Various additional advantages and features of novelty which characterize the invention are further pointed out in the claims that follow. However, for a better understanding of the invention and its advantages, reference should be made to the accompanying drawings and descriptive matter which illustrate and describe preferred embodiments of the invention.

FIG. 1 illustrates a cross-sectional view of a scroll type compressor with a variable displacement mechanism in accordance with a first embodiment of the present invention.

FIG. 2 illustrates a cross-sectional view of the variable displacement mechanism shown in FIG. 1, but with the piston partially extended within the hollow cavity.

FIG. 3 illustrates a cross-sectional view of the variable displacement mechanism shown in FIG. 1, but with the piston fully extended within the hollow cavity.

FIG. 4 illustrates a cross-sectional view of a scroll type compressor with a variable displacement mechanism in accordance with a second embodiment of the present invention.

FIG. 1 illustrates an overall construction of a scroll type compressor with a variable displacement mechanism in accordance with a first embodiment of the present invention. Referring to FIG. 1, the scroll type compressor includes compressor housing 10 having front end plate 11 and cup-shaped casing 12 which is attached to an end surface of front end plate 11. Opening 111 is formed in the center of front end plate 11 with drive shaft 13 disposed therewithin. Annular projection 112, formed on a rear surface of front end plate 11, is disposed within opening 121 of cup-shaped casing 12 and is concentric with opening 111. An outer peripheral surface of projection 112 extends along an inner wall of opening 121 of cup-shaped casing 12. Opening 121 of cup-shaped casing 12 is covered by front end plate 11. O-ring seal element 14 seals the mating surfaces between the outer peripheral surface of annular projection 112 and the inner wall of opening 121 of cup-shaped casing 12.

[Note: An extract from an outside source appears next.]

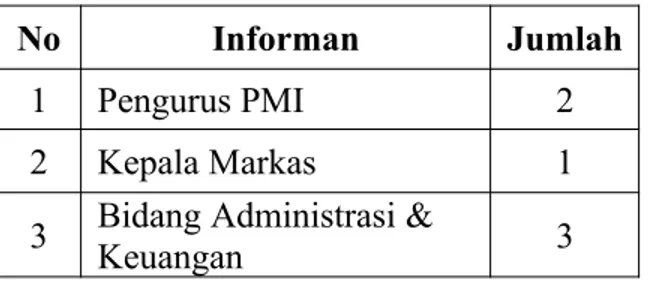 Tabel 1 Informan Penelitian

Annular sleeve 16, integrally formed with front end plate 11, projects from the front end surface of front end plate 11 to surround and rotatably support drive shaft 13 through bearing 17. At the inner end of drive shaft 13, disc-shaped rotor 131 is rotatably supported by front end plate 11 through bearing 15 disposed within opening 111 of front end plate 11. Shaft seal assembly 18 is coupled to drive shaft 13 within shaft seal cavity 161 of sleeve 16.

In operation, drive shaft 13 is driven by an external power source, for example, the engine of an automobile. This power is transmitted through a rotation transmitting device such as electromagnetic clutch 20 which includes pulley 201, electromagnetic coil 202, and armature plate 203. Pulley 201 is rotatably supported by ball bearing 19 carried on the outer surface of sleeve 16. Electromagnetic coil 202 is fixed about the outer surface of sleeve 16 by support plate 162. Armature plate 203 is elastically supported on the outer end of drive shaft 13.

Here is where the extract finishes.